EXERCISE AIM:
The lines below, from the one holding "mermaid dreams sopa loaf and bars 2" through the one holding "الملك محمد السادس", are to be restated word for word, with all images left out.

##### EXTRACTED RECORDS

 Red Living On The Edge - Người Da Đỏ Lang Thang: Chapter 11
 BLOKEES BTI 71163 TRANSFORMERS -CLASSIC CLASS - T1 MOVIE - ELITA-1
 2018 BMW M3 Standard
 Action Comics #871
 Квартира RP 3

##########
##### EXTRACTED RECORDS

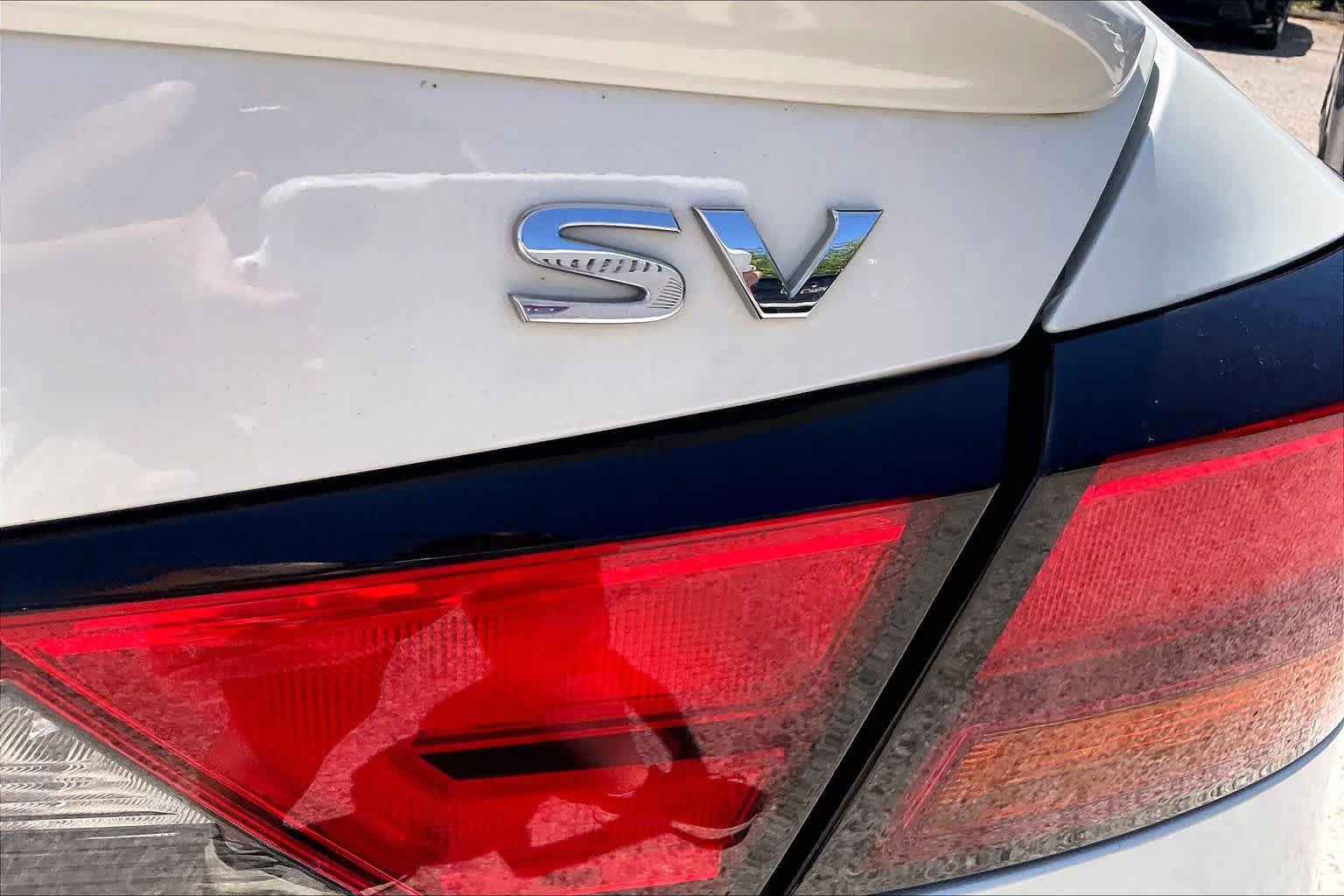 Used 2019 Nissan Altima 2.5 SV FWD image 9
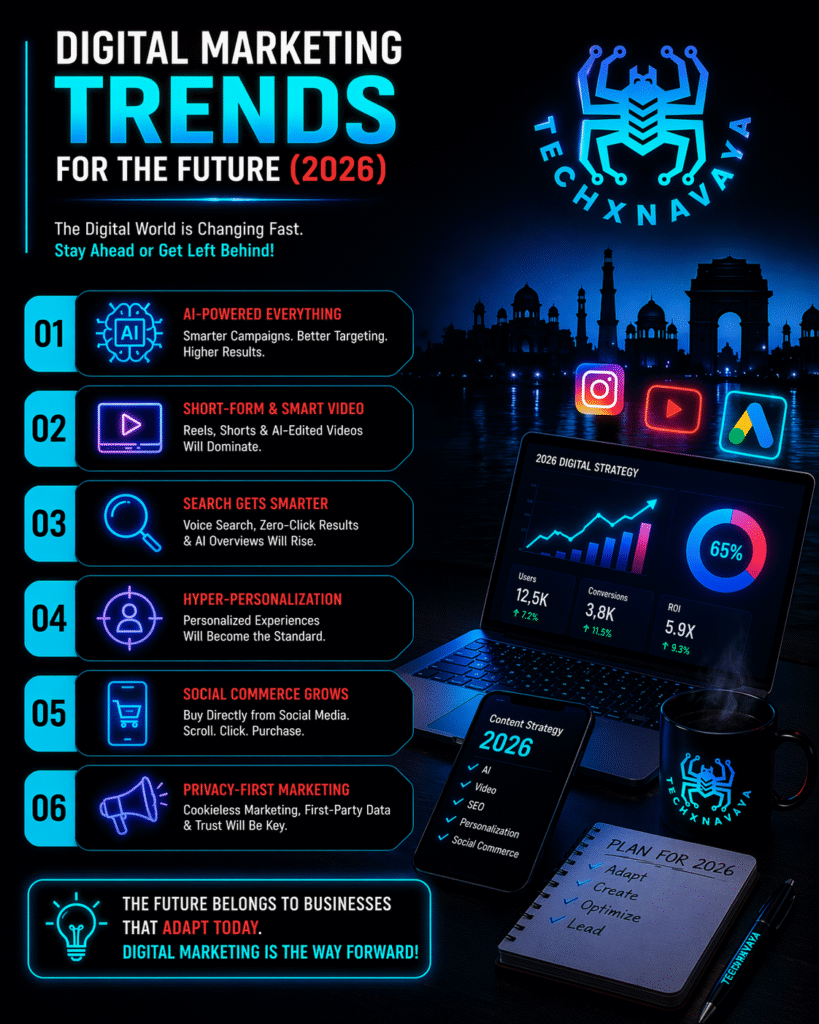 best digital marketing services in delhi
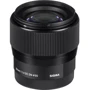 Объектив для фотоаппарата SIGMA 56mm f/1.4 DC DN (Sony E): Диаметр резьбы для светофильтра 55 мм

##########
##### EXTRACTED RECORDS

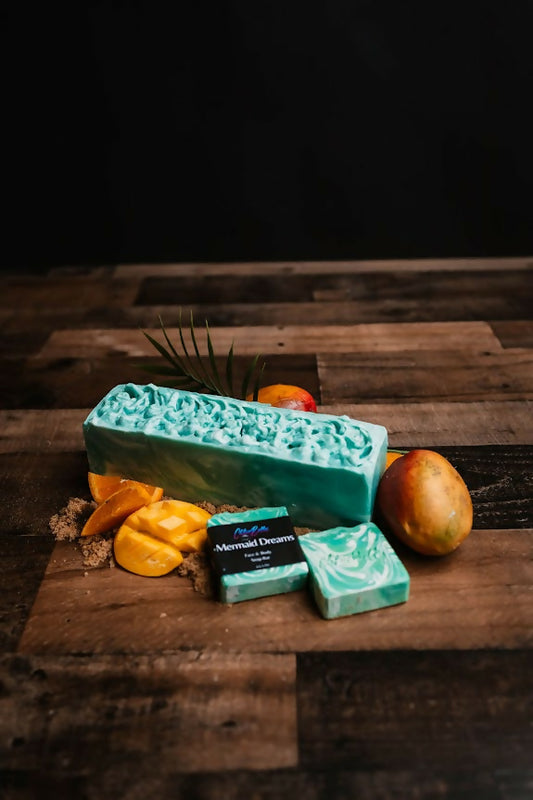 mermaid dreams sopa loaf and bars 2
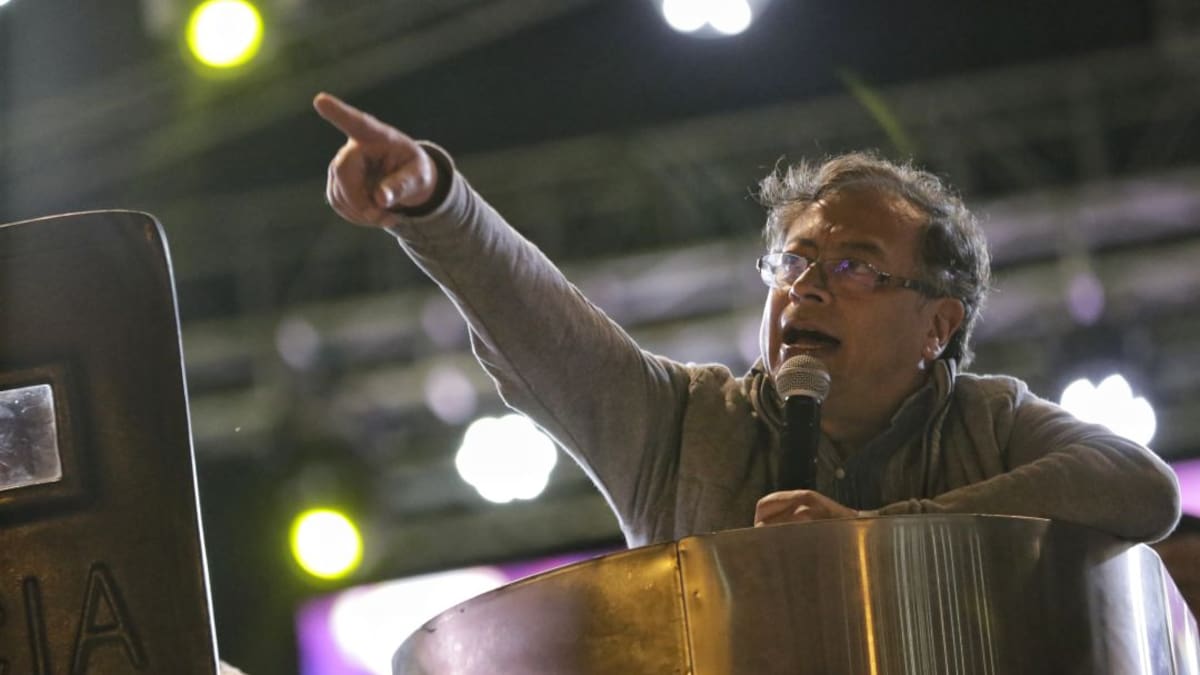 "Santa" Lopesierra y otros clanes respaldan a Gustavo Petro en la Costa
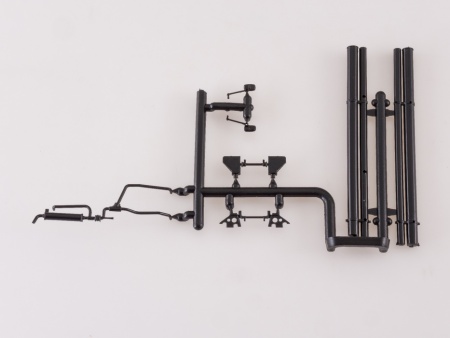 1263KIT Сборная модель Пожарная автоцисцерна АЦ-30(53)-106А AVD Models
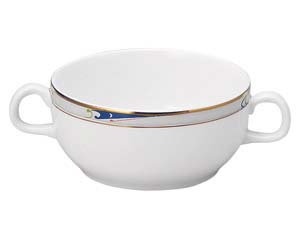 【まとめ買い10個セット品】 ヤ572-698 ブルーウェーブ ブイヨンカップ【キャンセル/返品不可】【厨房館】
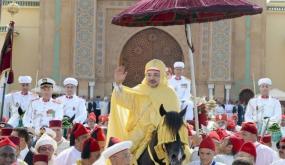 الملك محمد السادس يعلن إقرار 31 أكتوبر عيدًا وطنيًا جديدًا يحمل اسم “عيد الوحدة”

##########

EXERCISE RESULT:
 mermaid dreams sopa loaf and bars 2
 "Santa" Lopesierra y otros clanes respaldan a Gustavo Petro en la Costa
 1263KIT Сборная модель Пожарная автоцисцерна АЦ-30(53)-106А AVD Models
 【まとめ買い10個セット品】 ヤ572-698 ブルーウェーブ ブイヨンカップ【キャンセル/返品不可】【厨房館】
 الملك محمد السادس يعلن إقرار 31 أكتوبر عيدًا وطنيًا جديدًا يحمل اسم “عيد الوحدة”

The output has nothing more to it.